If you’re interested in private equity, one of the first terms you must master is “capital call.” The legal tool is crucial in that it’s used to collect committed funds from investors whenever such capital is needed. Capital calls help keep PE funds going – and growing – and enable them to secure investment projects.
With that in mind, here’s information that will help you understand the ins and outs of capital calls.
What Exactly is a Capital Call?
Initially, PE investors usually make just a portion of their pledged contribution to the fund. This usually works for all parties since investors get a chance to temporarily hang on to their capital and even make money on it through a low-risk account. The fund, meanwhile, benefits from not having a lot of capital around that isn’t being invested or put to work to bring in new investors with relatively low up-front buy-ins.
The white elephant in the room, though, is that when the fund calls for the balance of the contribution – which can take many months — you must come through.
Why are Such Calls Important?
As we say, funds need them to thrive and grow. Why? Because most private equity firms operate on what’s called a just-in-time basis, meaning that when they need capital, they do need it – now (well, investors typically have a week to 10 days to deliver the funds). They don’t have the luxury of awaiting “scheduled” investor funding because that’s not how opportunities or sudden needs work.
When are Such Calls Made?
A capital call is made whenever there’s a need, which typically is for project funding or to address unanticipated and temporary market challenges.
It should be stated that it’s never wise to rely upon capital calls to cover operational expenses, though, and such calls probably shouldn’t be made if compliance seems unlikely, since that could trigger an investor default, hurt reputations, and damage relations between the fund and the investor. Now, there are financial consequences for noncompliance, but firms generally want to first see whether things can be worked out.

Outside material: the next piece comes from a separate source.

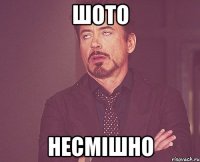 Шото несмішно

If an investor is unable to remit the capital when the time comes, however, a fund may:
- Demand that the investor sell back to the firm their interest
- Make the committed capital a loan, so that the investor must pay interest in addition to the pledged amount
- Reduce the investor’s partnership interest or equity
Are There Any Downsides to Capital Calls?
It’s not a good look for funds to overly depend on capital calls; investors can view that as a liquidity problem and may be hesitant to participate. After all, quick drawdowns – capital calls — may be a sign that the firm is not making gains.

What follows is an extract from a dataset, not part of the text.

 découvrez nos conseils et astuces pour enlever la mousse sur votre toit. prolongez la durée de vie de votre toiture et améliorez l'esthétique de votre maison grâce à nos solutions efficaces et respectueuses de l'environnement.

There’s also the risk of investor default, which we’ve cited. The main problem is that it’s difficult to substantiate, in a timely fashion, investors’ ability to comply. However, fund managers can mitigate their risk by working primarily with institutional investors or individuals who have a track record of hitting their marks. Some fund managers attempt to time their calls to distributions to be certain that funds will be available.

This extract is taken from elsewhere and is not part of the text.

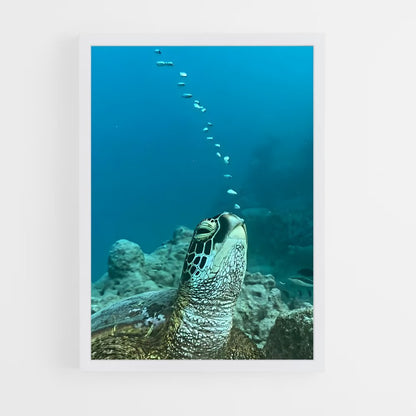 ap-sea turtle-14 cadre Blanc
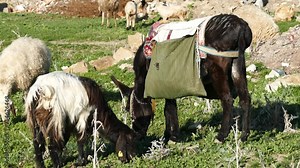 sheep and shepherd donkey, Stock Video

How Do Capital Calls Work?
Before a call is made, the fund will notify investors, of which the average fund has around 20. The notice will usually include:
- The amount of capital being called for as well as how much the investor has pledged
- The amount the investor has contributed already
- The total amount, post-call, the investor will have contributed
- The remaining uncalled capital
- What the additional capital will be used for
- The due date
Now that you know the ins and outs of capital calls, you’re that much closer to being able to participate in one with confidence. The main takeaway for you should be that you simply must have the balance of your contribution ready for when – not if — the call comes.